In some cases of very minor, early prolapse, treatment can begin at home with the use of stool softeners and by pushing the fallen tissue back up into the anus by hand. However, surgery is usually necessary to repair the prolapse. There are several surgical approaches. The surgeon’s choice depends on patient’s age, other existing health problems, the extent of the prolapse, results of the exam and other tests, and the surgeon’s preference and experience with certain techniques.
This refers to surgeries performed laparoscopically (through small key-hole incisions). It is usually performed under general anesthesia and is the approach most often used in healthy adults. The two most common types of abdominal repair are suture rectopexy (fixation [reattachment] of the rectum) and resection (removal of a segment of intestine) followed by rectopexy. Resection is preferred for patients with severe constipation. Rectopexy can also be modified by adding a prosthetic such as a biological mesh.
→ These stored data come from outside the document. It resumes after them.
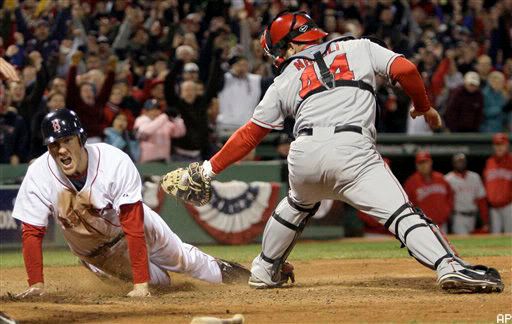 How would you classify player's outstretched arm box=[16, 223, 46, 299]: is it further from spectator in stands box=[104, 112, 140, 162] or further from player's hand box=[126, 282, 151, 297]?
spectator in stands box=[104, 112, 140, 162]

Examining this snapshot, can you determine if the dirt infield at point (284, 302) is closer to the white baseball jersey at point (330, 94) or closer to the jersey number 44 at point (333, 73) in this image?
the white baseball jersey at point (330, 94)

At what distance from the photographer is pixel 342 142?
22.7 ft

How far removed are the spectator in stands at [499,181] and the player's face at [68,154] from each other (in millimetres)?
9051

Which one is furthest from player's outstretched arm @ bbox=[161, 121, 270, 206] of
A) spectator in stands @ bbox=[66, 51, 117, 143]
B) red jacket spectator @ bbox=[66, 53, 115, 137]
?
red jacket spectator @ bbox=[66, 53, 115, 137]

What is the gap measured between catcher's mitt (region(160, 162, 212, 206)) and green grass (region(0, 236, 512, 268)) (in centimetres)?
358

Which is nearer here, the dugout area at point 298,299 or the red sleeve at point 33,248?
the dugout area at point 298,299

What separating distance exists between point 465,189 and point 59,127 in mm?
9293

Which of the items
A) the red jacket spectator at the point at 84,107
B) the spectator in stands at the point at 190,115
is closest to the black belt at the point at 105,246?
the red jacket spectator at the point at 84,107

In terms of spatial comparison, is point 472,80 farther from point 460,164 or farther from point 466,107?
point 460,164

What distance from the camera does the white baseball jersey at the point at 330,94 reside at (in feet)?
22.9

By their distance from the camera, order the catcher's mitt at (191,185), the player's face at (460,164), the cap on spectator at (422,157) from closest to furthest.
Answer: the catcher's mitt at (191,185), the cap on spectator at (422,157), the player's face at (460,164)

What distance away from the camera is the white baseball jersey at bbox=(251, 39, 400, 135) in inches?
275

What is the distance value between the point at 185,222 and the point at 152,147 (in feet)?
3.51

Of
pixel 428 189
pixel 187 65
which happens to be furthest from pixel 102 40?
pixel 428 189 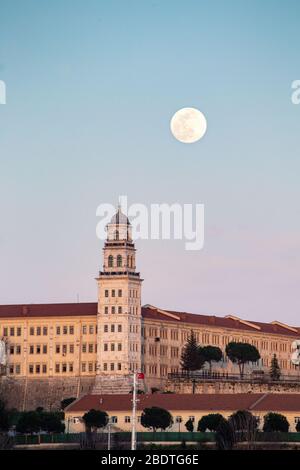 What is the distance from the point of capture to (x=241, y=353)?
17450 cm

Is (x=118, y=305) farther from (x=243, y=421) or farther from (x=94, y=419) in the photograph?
(x=243, y=421)

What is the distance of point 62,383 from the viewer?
546 feet

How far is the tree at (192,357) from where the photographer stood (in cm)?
16850

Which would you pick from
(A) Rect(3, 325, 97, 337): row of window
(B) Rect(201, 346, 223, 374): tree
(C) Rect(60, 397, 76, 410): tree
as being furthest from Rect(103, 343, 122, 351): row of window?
(B) Rect(201, 346, 223, 374): tree

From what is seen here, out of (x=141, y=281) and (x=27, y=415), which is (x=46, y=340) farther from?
(x=27, y=415)

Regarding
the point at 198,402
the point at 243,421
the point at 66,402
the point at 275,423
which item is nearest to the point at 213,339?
the point at 66,402

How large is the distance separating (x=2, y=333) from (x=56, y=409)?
11324 mm

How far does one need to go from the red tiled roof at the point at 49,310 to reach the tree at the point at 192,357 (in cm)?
840

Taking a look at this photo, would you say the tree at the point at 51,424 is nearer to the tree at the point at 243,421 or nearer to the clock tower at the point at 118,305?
the tree at the point at 243,421

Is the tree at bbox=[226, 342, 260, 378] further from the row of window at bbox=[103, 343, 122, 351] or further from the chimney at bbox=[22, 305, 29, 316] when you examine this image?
the chimney at bbox=[22, 305, 29, 316]

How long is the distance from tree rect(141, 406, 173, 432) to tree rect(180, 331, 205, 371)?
22955 mm

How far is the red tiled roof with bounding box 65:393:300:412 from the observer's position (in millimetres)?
147625

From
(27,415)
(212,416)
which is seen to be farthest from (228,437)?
(27,415)

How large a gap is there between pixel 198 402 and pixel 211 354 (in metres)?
22.2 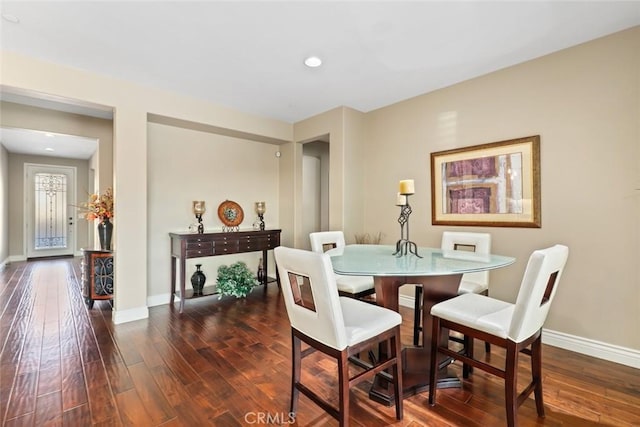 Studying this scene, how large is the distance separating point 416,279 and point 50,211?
9.10 meters

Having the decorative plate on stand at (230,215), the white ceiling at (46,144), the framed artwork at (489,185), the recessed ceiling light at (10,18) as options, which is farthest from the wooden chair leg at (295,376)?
the white ceiling at (46,144)

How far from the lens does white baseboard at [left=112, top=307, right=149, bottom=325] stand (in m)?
3.09

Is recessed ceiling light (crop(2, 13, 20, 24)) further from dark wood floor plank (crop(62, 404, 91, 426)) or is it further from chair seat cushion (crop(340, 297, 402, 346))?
chair seat cushion (crop(340, 297, 402, 346))

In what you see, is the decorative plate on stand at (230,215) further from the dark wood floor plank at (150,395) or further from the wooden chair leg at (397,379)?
the wooden chair leg at (397,379)

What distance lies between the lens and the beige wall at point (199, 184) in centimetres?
379

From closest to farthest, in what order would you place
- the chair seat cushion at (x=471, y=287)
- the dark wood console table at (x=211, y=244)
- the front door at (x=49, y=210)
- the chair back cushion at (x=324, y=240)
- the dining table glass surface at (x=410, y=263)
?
the dining table glass surface at (x=410, y=263)
the chair seat cushion at (x=471, y=287)
the chair back cushion at (x=324, y=240)
the dark wood console table at (x=211, y=244)
the front door at (x=49, y=210)

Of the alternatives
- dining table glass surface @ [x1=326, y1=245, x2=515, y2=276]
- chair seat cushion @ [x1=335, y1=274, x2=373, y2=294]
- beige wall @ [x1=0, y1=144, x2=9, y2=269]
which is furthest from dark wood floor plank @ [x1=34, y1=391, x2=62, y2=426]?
beige wall @ [x1=0, y1=144, x2=9, y2=269]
Perineal rectal procedures
Perineal rectal procedures are often used in older patients and in patients with more medical problem. Spinal anesthesia or an epidural may be used instead of general anesthesia in these patients. The two most common rectal approaches are the Altemeier and Delorme procedures.
In this procedure -- also called a perineal proctosigmoidectomy – the portion of the rectum extending out of the anus is cut off (amputated) and the two ends are sewn back together. The remaining structures that help support the rectum are stitched back together in an attempt to provide better support.
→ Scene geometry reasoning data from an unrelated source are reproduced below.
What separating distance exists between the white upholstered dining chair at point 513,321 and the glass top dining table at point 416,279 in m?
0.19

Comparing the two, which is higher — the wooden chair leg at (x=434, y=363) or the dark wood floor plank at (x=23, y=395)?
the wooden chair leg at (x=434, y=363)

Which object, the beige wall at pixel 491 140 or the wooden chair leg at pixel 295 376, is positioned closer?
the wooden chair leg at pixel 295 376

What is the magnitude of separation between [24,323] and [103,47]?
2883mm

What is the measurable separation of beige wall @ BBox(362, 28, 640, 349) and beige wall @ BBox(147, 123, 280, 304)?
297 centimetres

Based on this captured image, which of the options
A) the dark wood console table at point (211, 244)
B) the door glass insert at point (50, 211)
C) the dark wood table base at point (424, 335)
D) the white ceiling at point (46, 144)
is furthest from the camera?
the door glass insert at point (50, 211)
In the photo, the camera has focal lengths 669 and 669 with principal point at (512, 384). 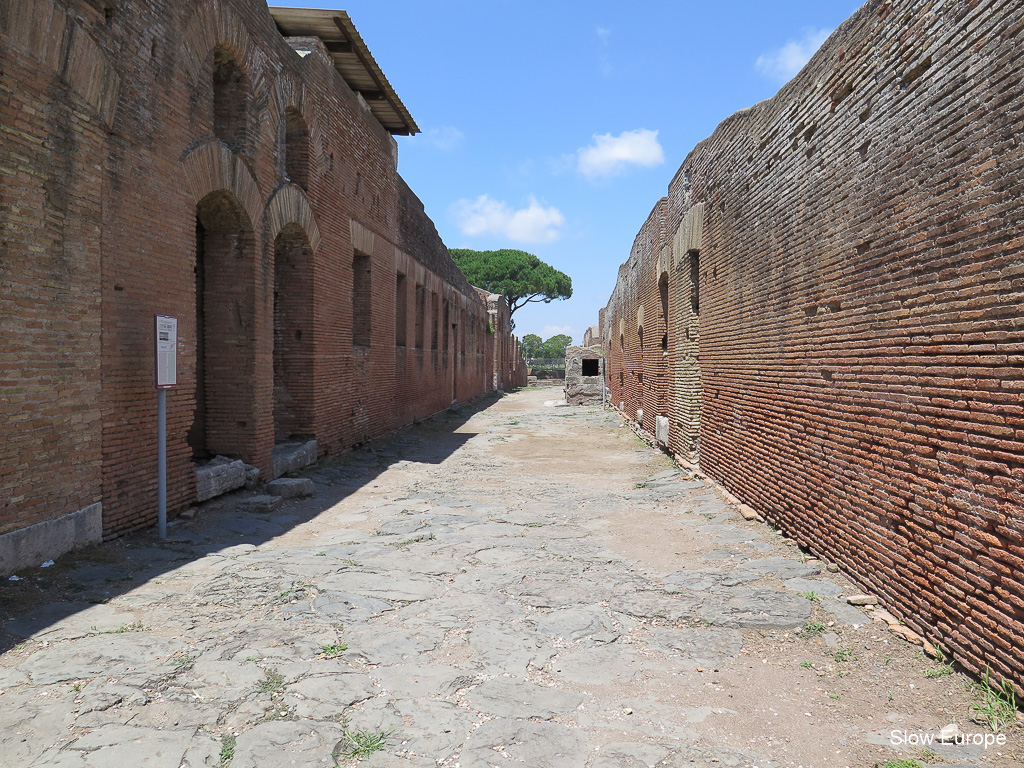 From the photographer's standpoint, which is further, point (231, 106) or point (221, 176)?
point (231, 106)

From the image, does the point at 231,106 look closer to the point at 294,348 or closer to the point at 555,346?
the point at 294,348

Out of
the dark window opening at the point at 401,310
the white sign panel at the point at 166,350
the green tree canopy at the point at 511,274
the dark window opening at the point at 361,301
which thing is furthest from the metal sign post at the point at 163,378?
the green tree canopy at the point at 511,274

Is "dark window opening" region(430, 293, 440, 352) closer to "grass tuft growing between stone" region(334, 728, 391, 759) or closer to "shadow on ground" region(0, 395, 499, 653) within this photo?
"shadow on ground" region(0, 395, 499, 653)

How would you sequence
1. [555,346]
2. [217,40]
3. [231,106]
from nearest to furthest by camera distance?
[217,40]
[231,106]
[555,346]

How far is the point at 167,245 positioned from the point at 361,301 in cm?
613

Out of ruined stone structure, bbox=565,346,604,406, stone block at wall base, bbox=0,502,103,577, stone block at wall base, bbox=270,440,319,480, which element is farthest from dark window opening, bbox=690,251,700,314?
ruined stone structure, bbox=565,346,604,406

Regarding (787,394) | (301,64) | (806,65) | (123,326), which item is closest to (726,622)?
(787,394)

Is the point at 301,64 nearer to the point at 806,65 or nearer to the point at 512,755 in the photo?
the point at 806,65

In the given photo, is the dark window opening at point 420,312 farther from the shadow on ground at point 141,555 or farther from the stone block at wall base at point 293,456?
the stone block at wall base at point 293,456

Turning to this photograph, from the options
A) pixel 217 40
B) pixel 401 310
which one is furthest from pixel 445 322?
pixel 217 40

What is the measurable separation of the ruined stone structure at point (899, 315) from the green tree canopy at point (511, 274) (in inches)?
1946

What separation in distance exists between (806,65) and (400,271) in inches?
391

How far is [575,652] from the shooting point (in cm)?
367

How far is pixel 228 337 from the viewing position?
7625 mm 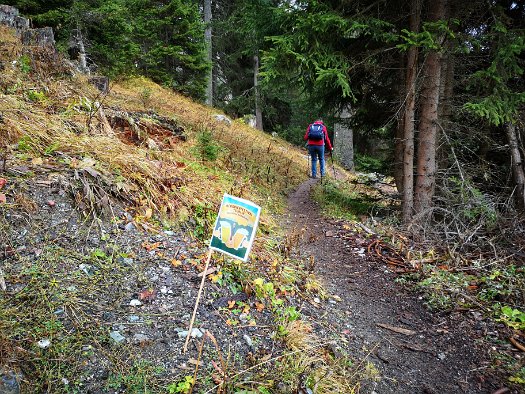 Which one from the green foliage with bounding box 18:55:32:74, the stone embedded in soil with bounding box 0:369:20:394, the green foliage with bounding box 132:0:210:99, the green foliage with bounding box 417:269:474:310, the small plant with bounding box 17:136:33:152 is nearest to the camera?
the stone embedded in soil with bounding box 0:369:20:394

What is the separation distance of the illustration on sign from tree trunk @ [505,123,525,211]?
6654 mm

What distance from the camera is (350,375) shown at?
110 inches

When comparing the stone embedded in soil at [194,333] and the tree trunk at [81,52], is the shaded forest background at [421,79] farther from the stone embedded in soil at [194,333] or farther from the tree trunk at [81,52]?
the stone embedded in soil at [194,333]

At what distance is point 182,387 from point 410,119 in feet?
19.7

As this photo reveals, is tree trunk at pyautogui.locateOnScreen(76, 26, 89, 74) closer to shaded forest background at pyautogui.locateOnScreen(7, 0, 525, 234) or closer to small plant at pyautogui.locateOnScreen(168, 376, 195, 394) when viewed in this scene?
shaded forest background at pyautogui.locateOnScreen(7, 0, 525, 234)

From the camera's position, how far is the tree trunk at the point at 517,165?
666 centimetres

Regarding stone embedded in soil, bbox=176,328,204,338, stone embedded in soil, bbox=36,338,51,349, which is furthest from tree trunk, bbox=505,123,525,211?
stone embedded in soil, bbox=36,338,51,349

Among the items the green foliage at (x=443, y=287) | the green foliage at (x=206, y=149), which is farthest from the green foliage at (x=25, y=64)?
the green foliage at (x=443, y=287)

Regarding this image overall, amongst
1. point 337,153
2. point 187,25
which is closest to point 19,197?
point 187,25

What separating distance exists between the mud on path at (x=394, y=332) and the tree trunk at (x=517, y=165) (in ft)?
13.4

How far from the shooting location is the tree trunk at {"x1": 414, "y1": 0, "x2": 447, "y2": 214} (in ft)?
19.6

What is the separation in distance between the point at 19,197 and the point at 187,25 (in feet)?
43.8

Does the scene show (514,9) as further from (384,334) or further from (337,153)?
(337,153)

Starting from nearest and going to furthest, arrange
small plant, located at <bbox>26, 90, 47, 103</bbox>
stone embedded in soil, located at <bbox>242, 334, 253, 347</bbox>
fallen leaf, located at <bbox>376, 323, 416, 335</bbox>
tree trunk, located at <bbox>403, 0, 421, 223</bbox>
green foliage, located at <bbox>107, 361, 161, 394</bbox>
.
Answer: green foliage, located at <bbox>107, 361, 161, 394</bbox> → stone embedded in soil, located at <bbox>242, 334, 253, 347</bbox> → fallen leaf, located at <bbox>376, 323, 416, 335</bbox> → small plant, located at <bbox>26, 90, 47, 103</bbox> → tree trunk, located at <bbox>403, 0, 421, 223</bbox>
In this procedure, only the inner lining of the fallen rectum is removed. The outer layer is then folded and stitched and the cut edges of the inner lining are stitched together so that rectum is now inside of the anal canal.
What complications can occur after surgery?
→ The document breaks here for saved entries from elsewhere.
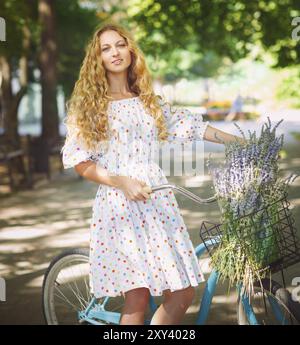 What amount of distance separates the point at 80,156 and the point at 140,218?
42 cm

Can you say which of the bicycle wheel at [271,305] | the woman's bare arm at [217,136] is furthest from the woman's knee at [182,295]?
the woman's bare arm at [217,136]

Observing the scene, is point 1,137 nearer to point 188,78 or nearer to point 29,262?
point 29,262

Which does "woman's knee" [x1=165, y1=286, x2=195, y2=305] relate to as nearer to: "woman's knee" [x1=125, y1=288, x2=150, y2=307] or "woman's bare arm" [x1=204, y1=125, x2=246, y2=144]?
"woman's knee" [x1=125, y1=288, x2=150, y2=307]

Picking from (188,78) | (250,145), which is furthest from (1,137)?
(188,78)

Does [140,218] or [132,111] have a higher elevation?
[132,111]

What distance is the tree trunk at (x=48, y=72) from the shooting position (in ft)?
48.8

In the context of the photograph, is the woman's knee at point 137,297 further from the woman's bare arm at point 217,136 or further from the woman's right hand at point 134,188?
the woman's bare arm at point 217,136

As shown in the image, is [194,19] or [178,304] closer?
[178,304]

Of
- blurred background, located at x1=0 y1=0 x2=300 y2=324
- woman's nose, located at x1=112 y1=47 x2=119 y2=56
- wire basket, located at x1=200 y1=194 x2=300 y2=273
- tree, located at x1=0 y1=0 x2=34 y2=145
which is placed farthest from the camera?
tree, located at x1=0 y1=0 x2=34 y2=145

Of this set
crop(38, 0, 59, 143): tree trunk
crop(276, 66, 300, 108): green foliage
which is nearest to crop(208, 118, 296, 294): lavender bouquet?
crop(38, 0, 59, 143): tree trunk

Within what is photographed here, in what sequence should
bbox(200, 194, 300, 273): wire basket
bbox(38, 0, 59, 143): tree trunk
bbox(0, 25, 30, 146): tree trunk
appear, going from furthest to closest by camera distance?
bbox(38, 0, 59, 143): tree trunk
bbox(0, 25, 30, 146): tree trunk
bbox(200, 194, 300, 273): wire basket

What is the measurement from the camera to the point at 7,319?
431 cm

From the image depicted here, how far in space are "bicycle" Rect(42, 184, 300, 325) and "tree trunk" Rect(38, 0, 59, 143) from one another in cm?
1120

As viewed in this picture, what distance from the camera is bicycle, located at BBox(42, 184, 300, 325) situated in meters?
2.81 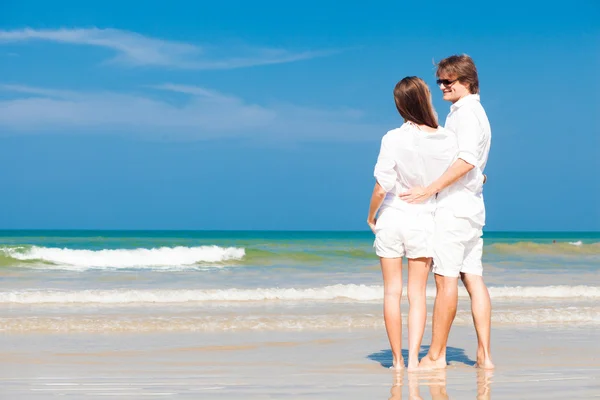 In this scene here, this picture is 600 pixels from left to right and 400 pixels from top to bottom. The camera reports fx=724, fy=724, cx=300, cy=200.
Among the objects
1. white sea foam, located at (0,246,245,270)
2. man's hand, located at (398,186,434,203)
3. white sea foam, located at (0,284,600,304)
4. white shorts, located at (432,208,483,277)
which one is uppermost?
man's hand, located at (398,186,434,203)

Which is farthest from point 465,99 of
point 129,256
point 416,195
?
point 129,256

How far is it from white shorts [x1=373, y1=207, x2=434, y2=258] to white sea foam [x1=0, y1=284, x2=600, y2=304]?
17.3 feet

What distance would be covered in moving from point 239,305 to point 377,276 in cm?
520

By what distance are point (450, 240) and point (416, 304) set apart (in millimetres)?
444

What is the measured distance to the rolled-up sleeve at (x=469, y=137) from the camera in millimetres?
3770

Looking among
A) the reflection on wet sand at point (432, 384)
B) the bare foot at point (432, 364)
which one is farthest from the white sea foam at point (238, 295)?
the reflection on wet sand at point (432, 384)

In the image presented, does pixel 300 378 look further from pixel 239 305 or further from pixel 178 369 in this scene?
pixel 239 305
As with any surgery, anesthesia complications, bleeding, and infection are always risks.
Other risks and complications from surgeries to repair prolapse include:
- Anastomotic leaks in resectional procedures
- Intraabdominal or rectal bleeding
- Urinary retention (inability to pass urine)
- Medical complications of surgery: heart attack, pneumonia, deep venous thrombosis (blood clots)
- Return of rectal prolapse
- Worsening or development fecal incontinence
- Worsening or development of constipation
How successful is surgery?
Success can vary (40-70%) depending on the condition of supporting tissues and the age and health of the patient. Abdominal procedures are associated with a lower chance of the prolapse re-occurring compared with perineal procedures. However, in most patients, surgery fixes the prolapse.
How long is recovery?
The average length of hospital stay is 3 to 5 days but this varies depending on a patient’s other existing health conditions. Complete recovery can usually be expected in 3 months; however, patients should avoid straining and heavy lifting for at least 6 months. In fact, the best chance for preventing prolapse from recurring is to make a lifetime effort to avoid straining and any activities that increase abdominal pressure.